EXCERPTED RECORDS Start Marker

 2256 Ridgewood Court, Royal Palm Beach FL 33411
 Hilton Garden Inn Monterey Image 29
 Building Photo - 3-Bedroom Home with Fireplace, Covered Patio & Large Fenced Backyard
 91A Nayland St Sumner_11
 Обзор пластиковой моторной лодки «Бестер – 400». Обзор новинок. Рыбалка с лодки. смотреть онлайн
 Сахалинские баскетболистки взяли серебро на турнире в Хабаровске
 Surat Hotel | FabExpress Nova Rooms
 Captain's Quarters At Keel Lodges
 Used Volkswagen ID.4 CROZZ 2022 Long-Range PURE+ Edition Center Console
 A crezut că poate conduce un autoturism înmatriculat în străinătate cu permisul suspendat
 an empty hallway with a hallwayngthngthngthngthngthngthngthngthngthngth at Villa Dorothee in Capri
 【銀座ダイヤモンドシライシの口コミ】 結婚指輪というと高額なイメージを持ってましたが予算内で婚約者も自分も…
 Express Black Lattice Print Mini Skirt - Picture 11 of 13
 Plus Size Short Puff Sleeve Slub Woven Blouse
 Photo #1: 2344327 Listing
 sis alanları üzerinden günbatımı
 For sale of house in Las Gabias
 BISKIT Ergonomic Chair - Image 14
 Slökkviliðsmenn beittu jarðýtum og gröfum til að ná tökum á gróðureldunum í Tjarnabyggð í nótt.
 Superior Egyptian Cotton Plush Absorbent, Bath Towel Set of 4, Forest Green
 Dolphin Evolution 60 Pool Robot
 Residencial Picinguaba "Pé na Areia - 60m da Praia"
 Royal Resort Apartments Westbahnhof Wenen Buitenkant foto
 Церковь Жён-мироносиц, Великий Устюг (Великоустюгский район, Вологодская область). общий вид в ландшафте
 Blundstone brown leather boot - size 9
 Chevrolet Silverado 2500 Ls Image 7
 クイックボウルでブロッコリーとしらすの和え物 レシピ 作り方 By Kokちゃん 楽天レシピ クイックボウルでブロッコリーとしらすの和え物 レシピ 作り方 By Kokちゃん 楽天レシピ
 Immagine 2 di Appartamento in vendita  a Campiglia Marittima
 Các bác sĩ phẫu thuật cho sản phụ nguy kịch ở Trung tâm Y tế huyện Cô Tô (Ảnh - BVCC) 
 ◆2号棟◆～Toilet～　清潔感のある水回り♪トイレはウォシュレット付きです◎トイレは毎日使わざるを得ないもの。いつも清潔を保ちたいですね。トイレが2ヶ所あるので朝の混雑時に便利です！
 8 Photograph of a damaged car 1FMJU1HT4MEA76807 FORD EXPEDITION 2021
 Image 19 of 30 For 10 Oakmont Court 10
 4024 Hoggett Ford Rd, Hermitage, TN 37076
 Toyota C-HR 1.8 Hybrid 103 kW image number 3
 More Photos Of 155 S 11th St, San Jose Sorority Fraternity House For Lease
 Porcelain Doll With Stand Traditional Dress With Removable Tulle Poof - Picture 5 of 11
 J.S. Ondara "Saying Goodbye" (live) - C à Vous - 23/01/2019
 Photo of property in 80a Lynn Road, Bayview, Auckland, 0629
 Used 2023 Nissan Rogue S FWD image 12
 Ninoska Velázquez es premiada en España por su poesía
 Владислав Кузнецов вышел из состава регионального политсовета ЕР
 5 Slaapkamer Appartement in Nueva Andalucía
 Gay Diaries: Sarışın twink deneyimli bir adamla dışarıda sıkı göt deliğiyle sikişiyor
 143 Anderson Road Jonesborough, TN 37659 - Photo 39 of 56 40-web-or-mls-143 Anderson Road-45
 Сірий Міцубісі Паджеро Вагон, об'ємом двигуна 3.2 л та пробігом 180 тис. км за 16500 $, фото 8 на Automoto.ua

EXCERPTED RECORDS End Marker

TASK OBJECTIVE. Reproduce only the lines above, starting at the line with "Chevrolet Silverado 2500 Ls Image 7" and ending at the line with "More Photos Of", exactly as written.

RESULT OF THE EXERCISE.
 Chevrolet Silverado 2500 Ls Image 7
 クイックボウルでブロッコリーとしらすの和え物 レシピ 作り方 By Kokちゃん 楽天レシピ クイックボウルでブロッコリーとしらすの和え物 レシピ 作り方 By Kokちゃん 楽天レシピ
 Immagine 2 di Appartamento in vendita  a Campiglia Marittima
 Các bác sĩ phẫu thuật cho sản phụ nguy kịch ở Trung tâm Y tế huyện Cô Tô (Ảnh - BVCC) 
 ◆2号棟◆～Toilet～　清潔感のある水回り♪トイレはウォシュレット付きです◎トイレは毎日使わざるを得ないもの。いつも清潔を保ちたいですね。トイレが2ヶ所あるので朝の混雑時に便利です！
 8 Photograph of a damaged car 1FMJU1HT4MEA76807 FORD EXPEDITION 2021
 Image 19 of 30 For 10 Oakmont Court 10
 4024 Hoggett Ford Rd, Hermitage, TN 37076
 Toyota C-HR 1.8 Hybrid 103 kW image number 3
 More Photos Of 155 S 11th St, San Jose Sorority Fraternity House For Lease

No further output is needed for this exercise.